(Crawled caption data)
----

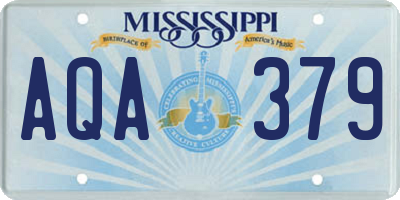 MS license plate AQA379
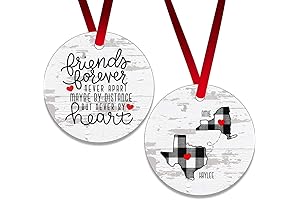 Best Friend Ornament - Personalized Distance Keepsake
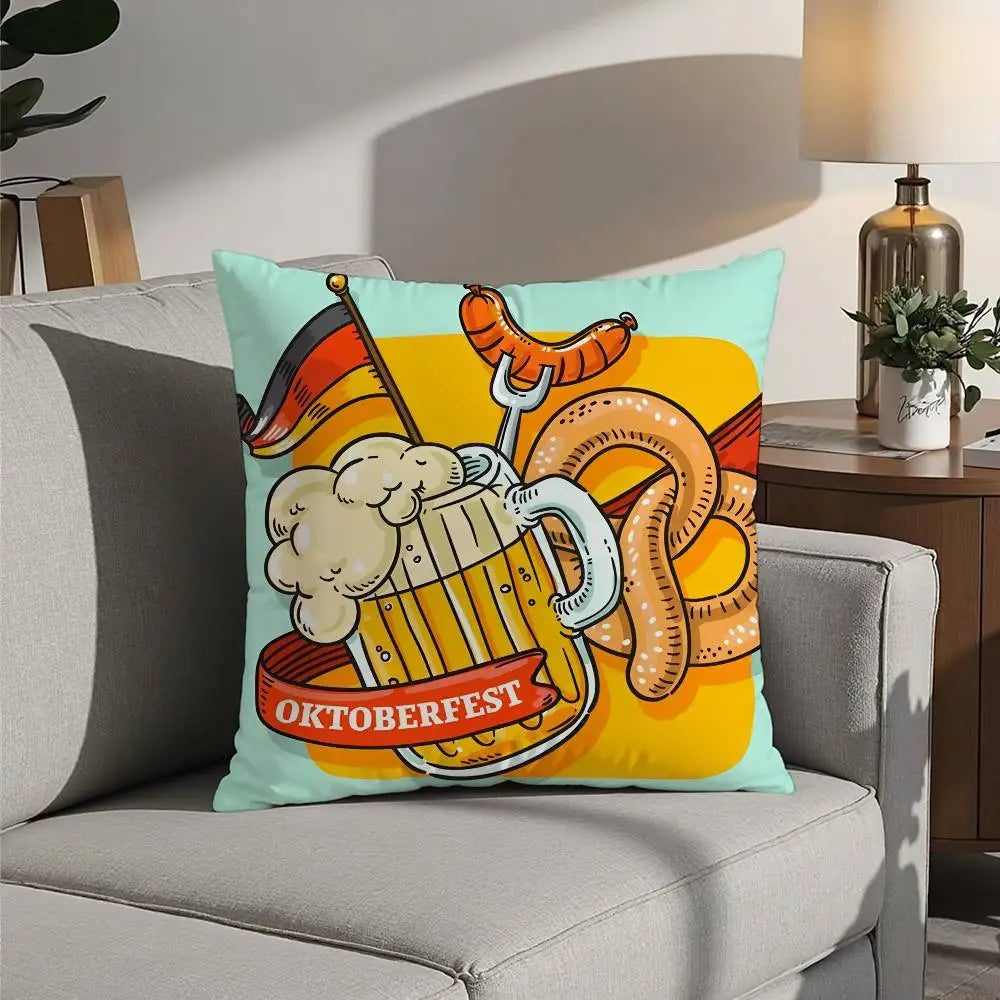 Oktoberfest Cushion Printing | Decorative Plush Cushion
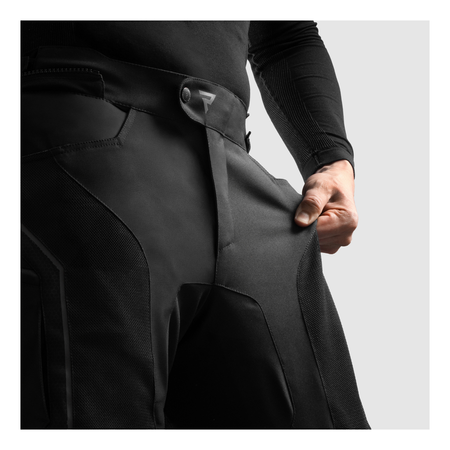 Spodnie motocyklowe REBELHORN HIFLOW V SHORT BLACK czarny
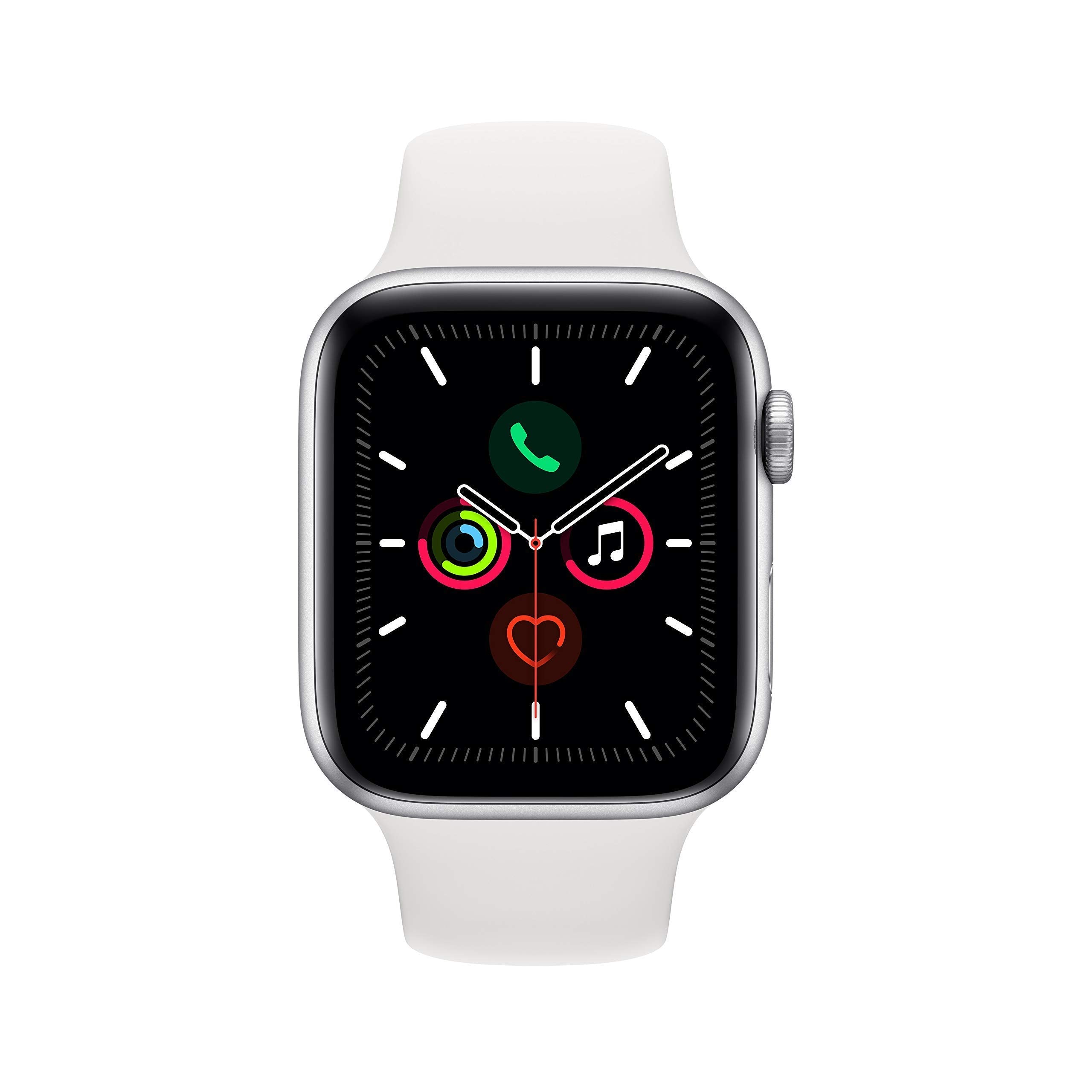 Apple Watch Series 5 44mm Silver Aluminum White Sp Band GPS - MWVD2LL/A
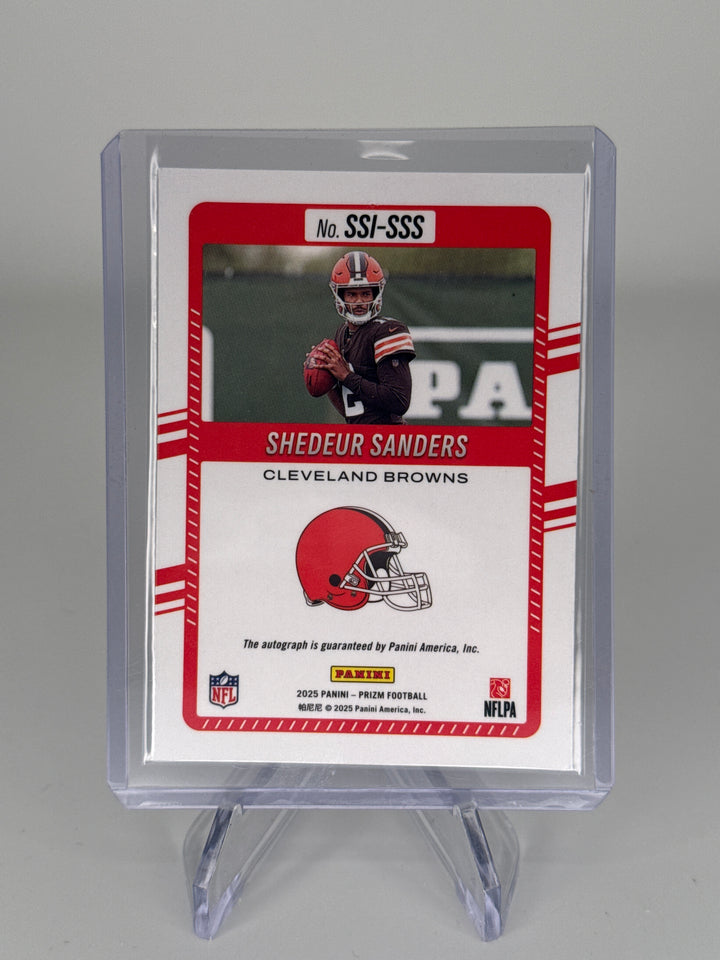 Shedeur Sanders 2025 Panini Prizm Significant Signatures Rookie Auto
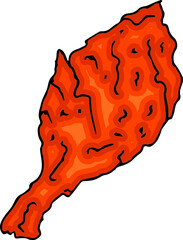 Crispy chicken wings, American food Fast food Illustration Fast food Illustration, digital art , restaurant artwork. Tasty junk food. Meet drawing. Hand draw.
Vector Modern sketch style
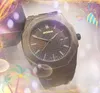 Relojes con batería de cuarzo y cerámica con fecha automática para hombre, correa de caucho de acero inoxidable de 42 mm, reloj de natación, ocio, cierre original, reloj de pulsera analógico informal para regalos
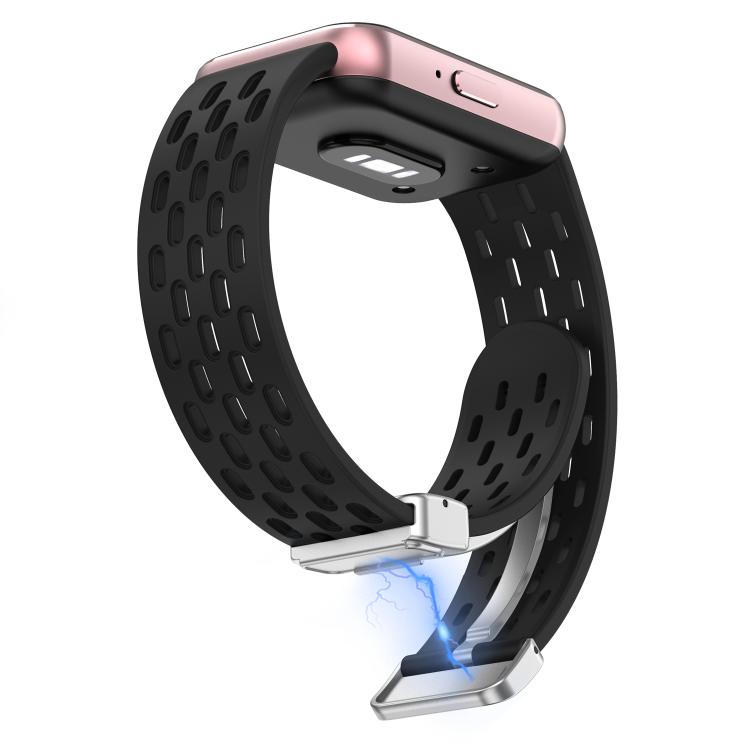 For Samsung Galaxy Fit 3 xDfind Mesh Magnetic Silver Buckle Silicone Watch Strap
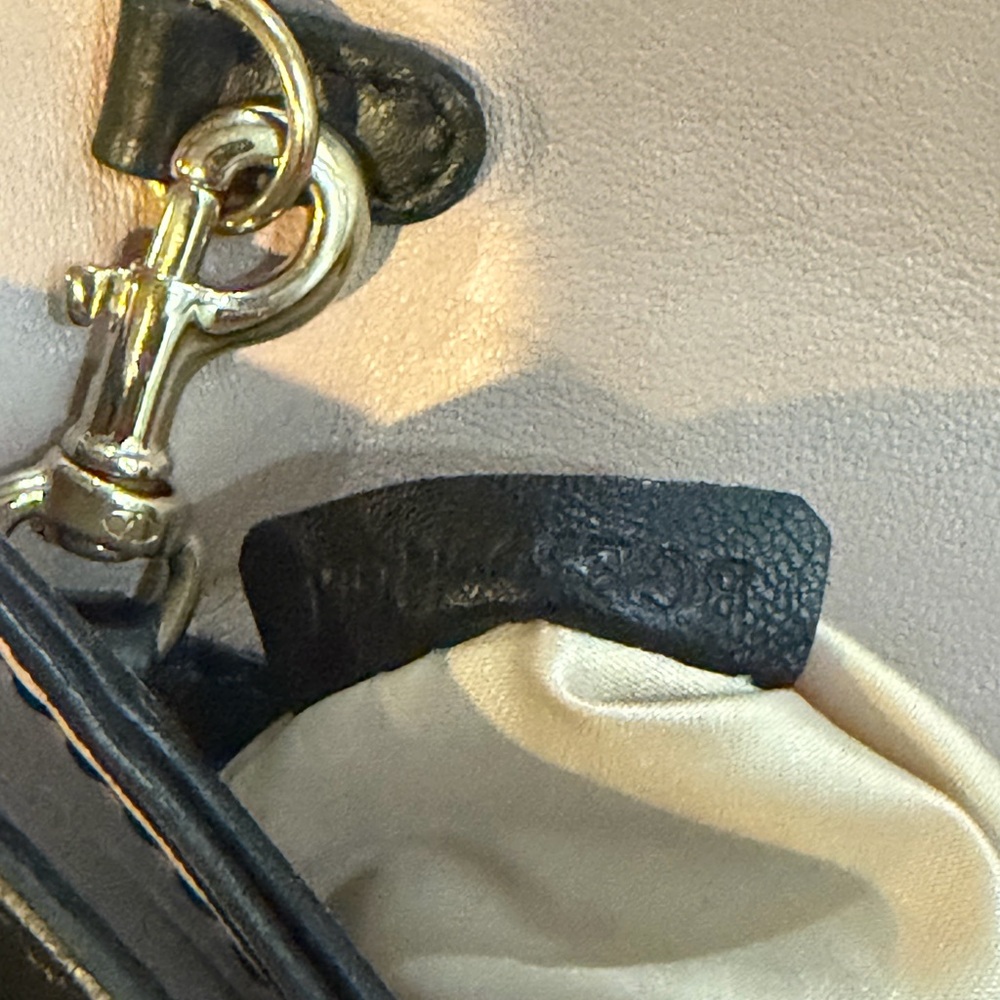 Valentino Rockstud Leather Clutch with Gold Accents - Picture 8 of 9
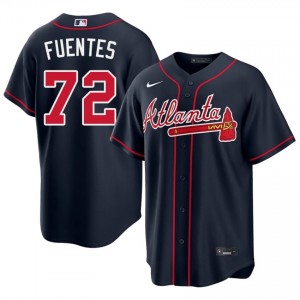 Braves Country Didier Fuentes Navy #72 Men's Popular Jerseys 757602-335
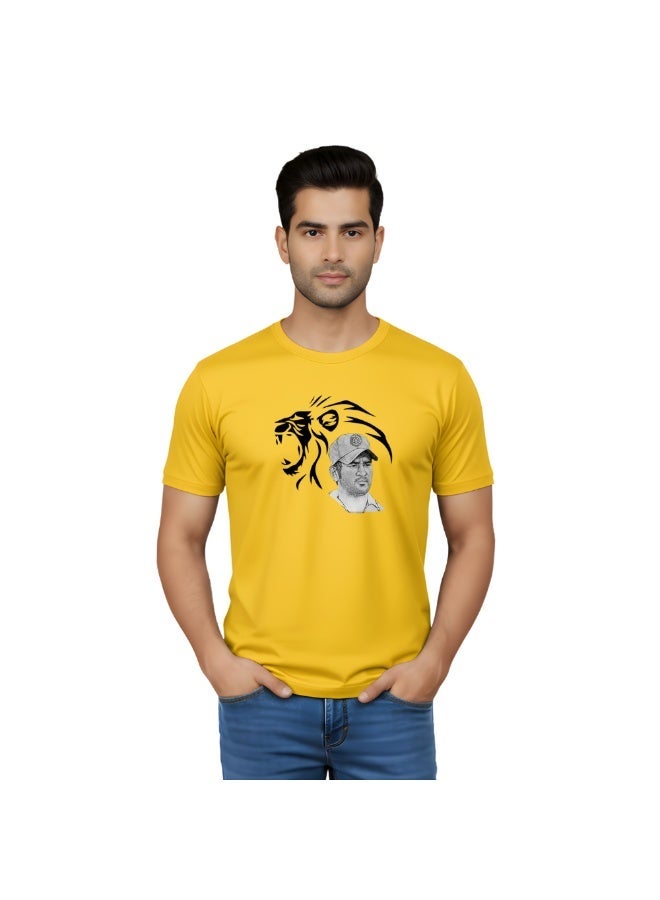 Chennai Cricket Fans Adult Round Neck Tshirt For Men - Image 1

----

**DESCRIPTION OF THE TASK:**
Beginning with the line that holds "Valentino Rockstud Leather" and continuing to the end of the entries above, set down each line exactly, both ends included; include no pictures.

**RESULT BELOW:**
 Valentino Rockstud Leather Clutch with Gold Accents - Picture 8 of 9
 Braves Country Didier Fuentes Navy #72 Men's Popular Jerseys 757602-335
 Chennai Cricket Fans Adult Round Neck Tshirt For Men - Image 1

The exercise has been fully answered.